Benefits of Co-Teaching

Having two minds in a classroom community allows students to connect with different personalities. Collaborative allows more opportunities for small group and one-to-one learning, and stronger modelling during lessons. The co-planning process encourages two teachers to bounce ideas off each other in order to deliver the strongest, most creative lessons. Partnerships can model behaviour and positive peer-to-peer interaction for students. When students experience their teachers working together, they understand the power of respect amongst peers.
Let's not forget the most important part: it is nice to have another adult in the room! I loved the community we develop in our class. Teaching is overwhelming, but collaborative teaching can provide a support system so that we can do our jobs, yet remember to have fun along the way.

5 Tips!

  1. Say this mantra: "All students are our students."
  2. Come to planning meetings prepared (with an agenda) to maximise co-planning time.
  3. If you feel something, say something! Open communication is the key to a successful partnership. (At the right time, not in front of the class)
  4. Realise that the success of your class depends on the strength of your teaching relationship.
  5. Use a variety of co-teaching models to help maintain equality.

Tuesday, 23 June 2015

Collaborative Teaching


When I mention the word Collaborative Teaching and describe my teaching space that I share with 3 other teachers I am immediately told that i"t is exactly as it was 10+ years ago! ""Open Plan Classrooms are back!" or "I was taught in one of those." "The wall will be back up in a few years time." 

Collaborative teaching can be defined as “two or more people sharing responsibility for educating some or all of the students in a classroom” (Villa, Thousand and Nevin, 2008, p. 5). They suggest that it “involves the distribution of responsibility among people for planning, instruction and evaluation for a classroom of students (p. 5). As we move into modern open learning spaces teachers are once again examining how teaching collaboratively can impact on student learning and outcomes. I feel there is a little resistance towards collaborative practice, at times from the history of open-plan.
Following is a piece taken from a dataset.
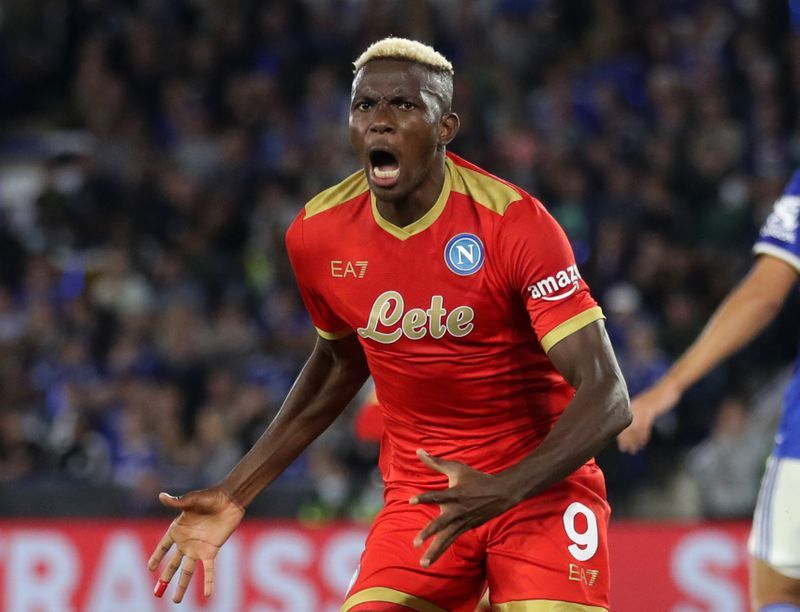 Soccer-Napoli fight back to deny Leicester, Lyon sink Rangers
Villa, Thousand & Nevin (2008),  report four different models of co-teaching, (developed by the National Centre for Educational Restructuring and Inclusion, 1995). These are supportiveparallelcomplementary and team teaching

Supportive teaching describes the situation when one teacher takes the lead instructional role and the other moves around the learners to provide support on a one-to-one basis as required. 

Parallel teaching is when two or more teachers are working with different groups of learners simultaneously in different parts of the classroom.

Complementary teaching is when “when co-teachers do something to enhance the instruction provided by the other co-teacher(s). For example, one co-teacher might paraphrase the other's statements or model note-taking skills on a transparency” (Nevin, Thousand, & Villa, 2007).

Team teaching by comparison is when two or more teachers do what teachers do for a class, to plan, teach, assess and take responsibility for all the students in the room, taking an equal share of responsibility, leadership and accountability.






Here It Begins......

Since the beginning of 2015, I have been working in a collaborative space with another teacher and 44 children. We are slowly moving towards 4 teachers to 90-100 children.

At the beginning of the year we set up our spaces to accommodate all types of learning- independent, small groups, partnerships, quiet areas and creative areas.

My collaborative partner and I spent days planning and organising our first week, which would include a hype of activity and excitement.